What's the recommended way to create population-level Allele Frequency variant entries from a set of individuals (vcfs?) in the 1000 genomes (or similar) project?
For example, given the IBS individuals in the 1000 Genomes project:
http://www.internationalgenome.org/data-portal/population/IBS
I would like to create an IBS .vcf.gz that contains an IBS population-level AF entry for each of the variants present.
Any ideas on how to achieve this?
EDIT: this is related to my earlier question on how to create the most complete file for population allele frequencies, here: what is the most complete vcf file of population allele frequencies that can be built/downloaded from public datasets?

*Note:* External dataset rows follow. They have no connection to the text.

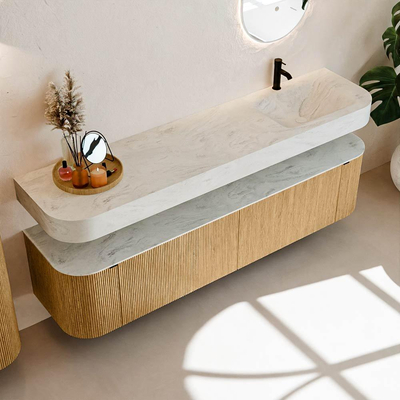 MONDIAZ THOR-DLUX Meuble de salle de bains 190cm arrondi gauche + droite couleur Oak avec 2 tiroirs et 2 portes. Vasque suspendue CLOUD Droite 1 trou de robinet couleur Opalo.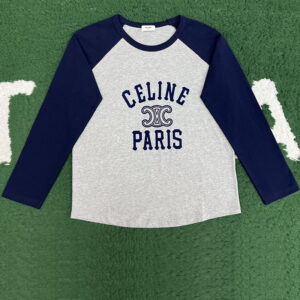 셀린느 【잔디집】 파리스 코튼 저지 긴팔 티셔츠（레어）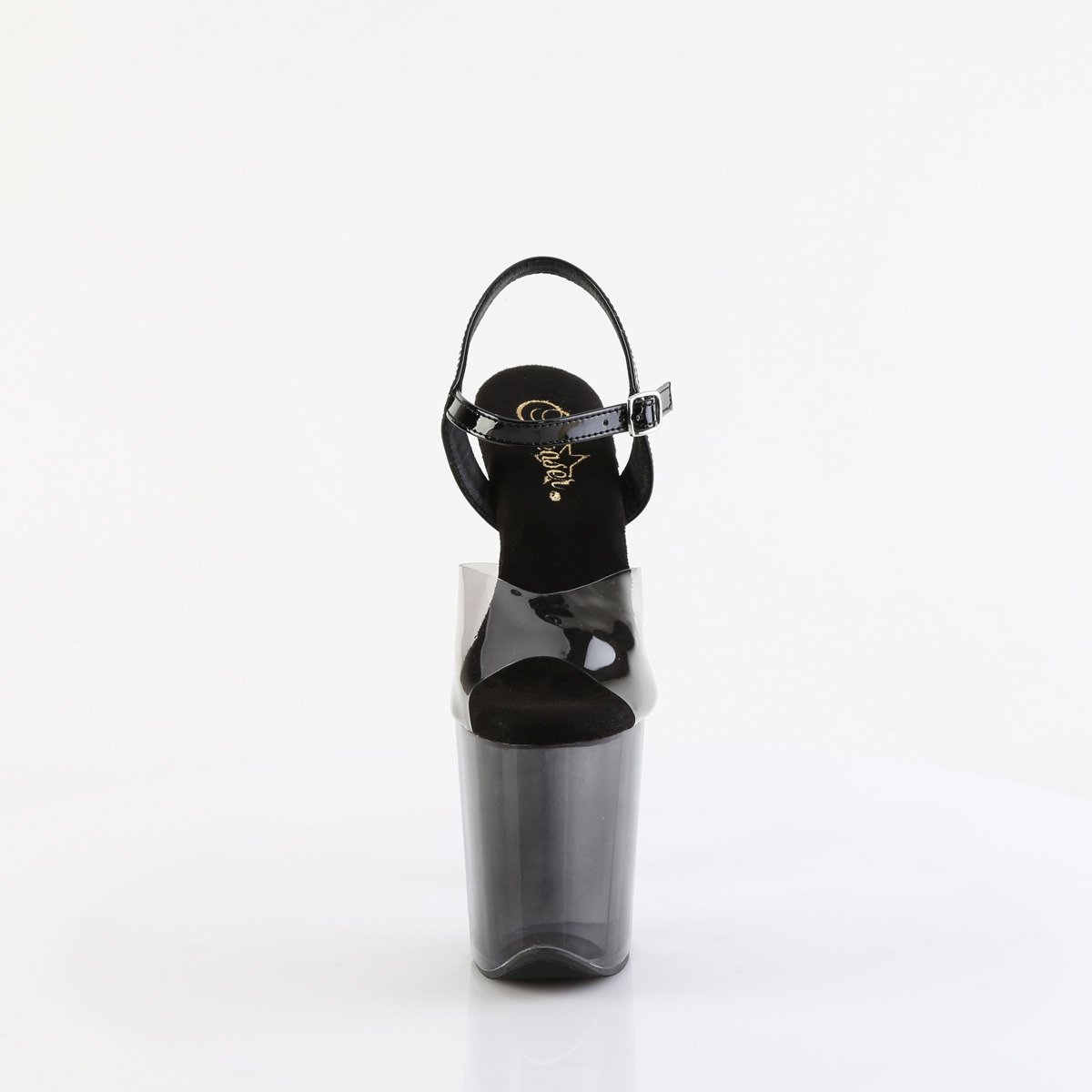 Pleaser Flamingo-808T-1 SK-B/B-C - Przezroczyste sandały na wysokiej platformie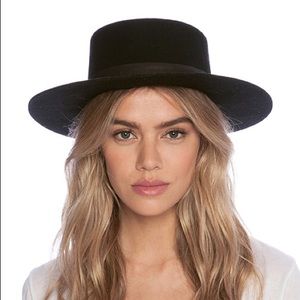 Janessa Leone flat black hat GABRIELLE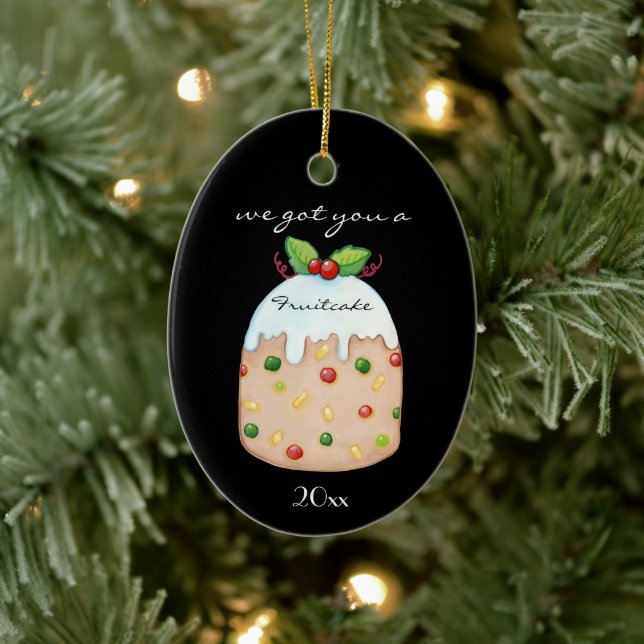 Fruitcake Funny Name Keramik Ornament (Baum)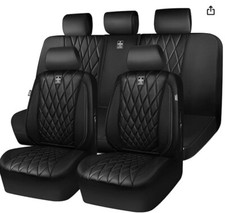 Juego completo de fundas de asiento de cuero sintético de lujo para tuberías de 5 asientos CAR PASS, antideslizantes Wate segunda mano  Embacar hacia Mexico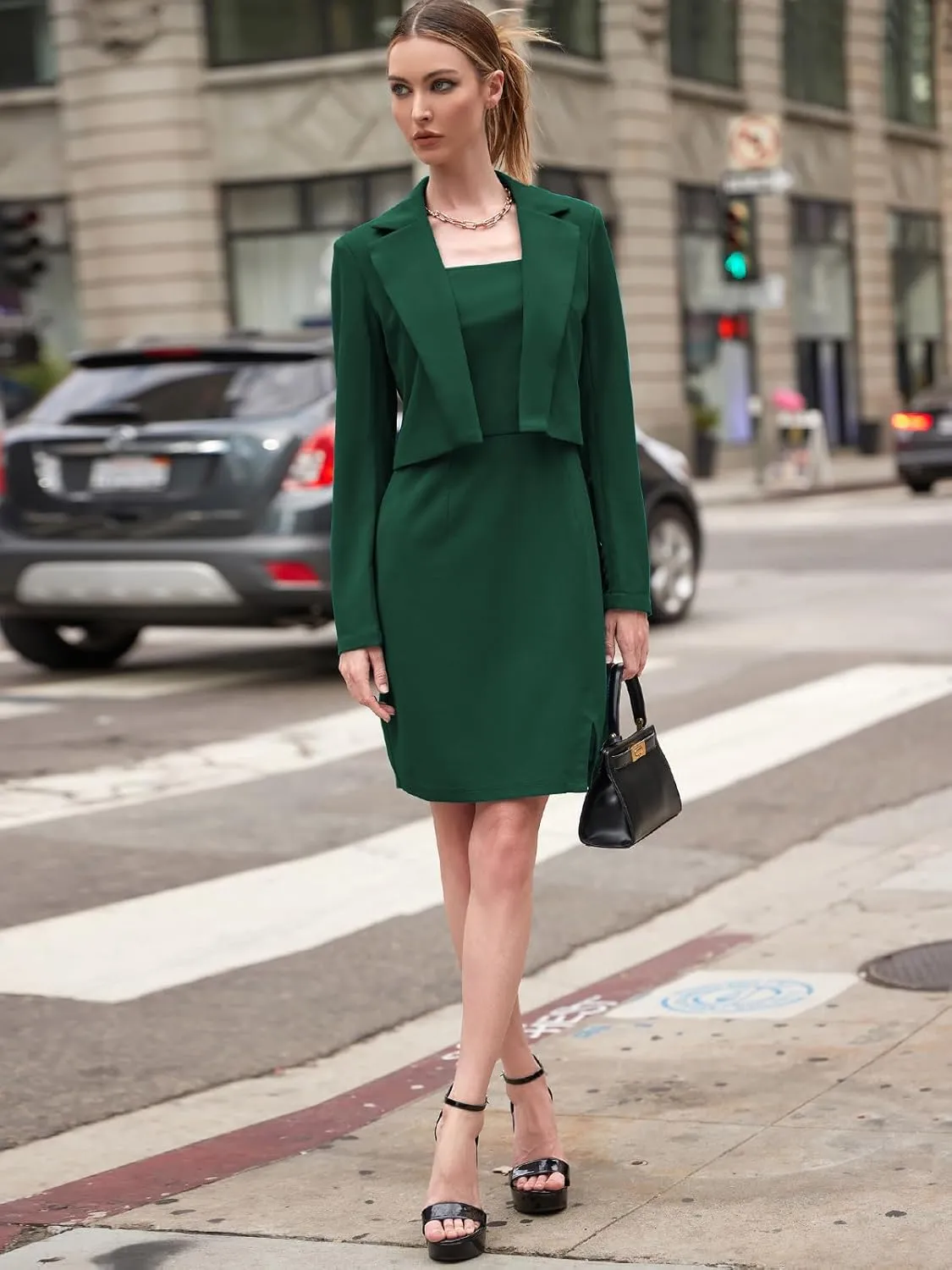 EXLURA Women's Professional Business Lightweight Blazer Dress Suit Sets 2 Piece Work Office Fashion Outfits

I have seen that there is an Allele Frequency Calculator tool in EnsEMBL, which is at least available with GRCh37:
http://www.internationalgenome.org/allele-frequency-calculator-documentation
http://grch37.ensembl.org/Homo_sapiens/Tools/AlleleFrequency?db=core
There are also instructions on how to do this genome-wide using vcftools:
vcf-subset -c ~/1000g/IBS.samples.list ~/1000g/ALL.chr1.phase3_shapeit2_mvncall_integrated_v5a.20130502.genotypes.vcf.gz | fill-an-ac | bgzip -c > ~/1000g/IBS.chr1.20130502.vcf.gz
This seems to be generating correct files, and the AF can be calculated with a tool that combines AC and AN values, such as it is described here:
https://www.biostars.org/p/123468/
Any other ideas / warnings / pitfalls of the approach?